How to Select a directory name during untarring?

Learn how to select a folder name to extract Tar or Tar.gz compressed archives, so that it automatically saves the files in our desired location while extracting them.

What is Untarring?

As we know Tar is a popular command utility in Linux systems for Archiving files and folders and the process of extracting files from a Tar archive file is known as “Untarring” or “untar“. A Tar Archive when compressed using Gzip known as Tar.GZ.

Tarball archives can contain single or multiple files in a big archive ending up with either .tar or .tar.gz, depending on whether it is compressed or not.

Hence, in short, Tar is a command line tool that is available almost on all Linux systems by default, and the process of extracting archived files created using it is known as “Untarring,” “Untarballing,” “extracting,” or “unarchiving.”

Command to extract a Tar archive in some particular folder

Extract TAR into some existing folder:

When untarring a compressed archive file, you can specify the directory name to use for the extracted files by using the “-C” or “–directory” option followed by the directory path.

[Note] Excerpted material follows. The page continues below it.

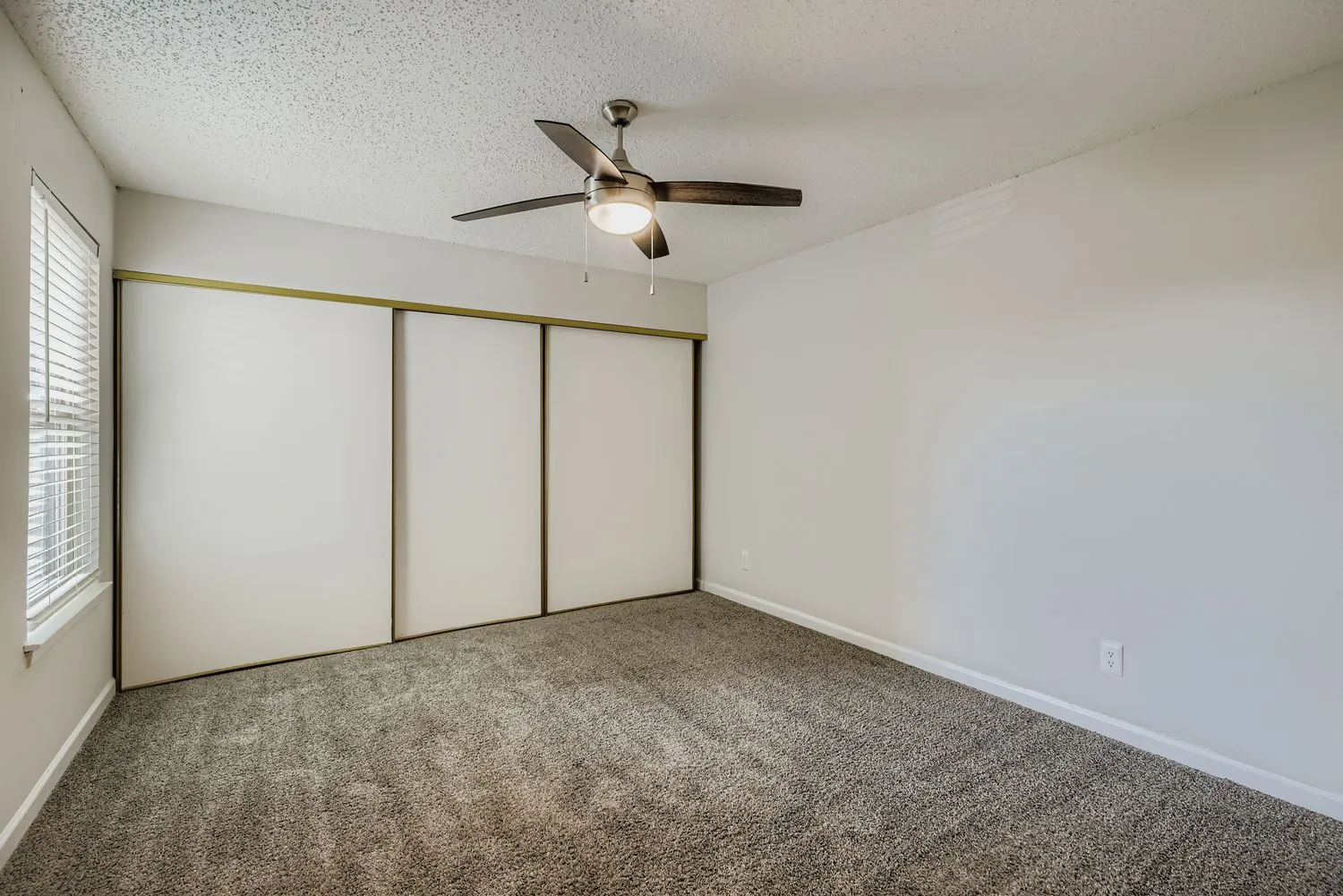 Primary bedroom with carpet flooring, ceiling fan, and sliding closet doors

For example, let’s suppose you already have an Archive file named – “myfile.tar.gz” and you want to extract it into a folder, let’s say “Testfolder“, you can do that using the -C option.

However, first, make sure the folder in which you want to extract the Archive file exists. And if not then create it using:

mkdir folder-name

So, the Tar command to extract the files in some different folder is:

tar -xzvf myfile.tar.gz -C /path/to/myfolder

Replace /path/to/myfolder with the exact folder where you want to extract the content. Let’s say we have a directory named – TestFolder inside /opt and want to extract the archive file in it, the command to do that will be like this:

sudo tar -xzvf myfile.tar.gz -C /opt/testfolder

Command Explanation:

  • The “-x” option extracts the contents of the archive
  • The “-z” option decompresses the archive (since it is in gzip format)
  • The “-v” enables verbose output so that you can see what is happening during the extraction,
  • The “-f” specifies the name of the archive file to extract.
  • The “-C” option in the command is used to specify the directory to extract the files.  Which can also be replaced with the –directory option.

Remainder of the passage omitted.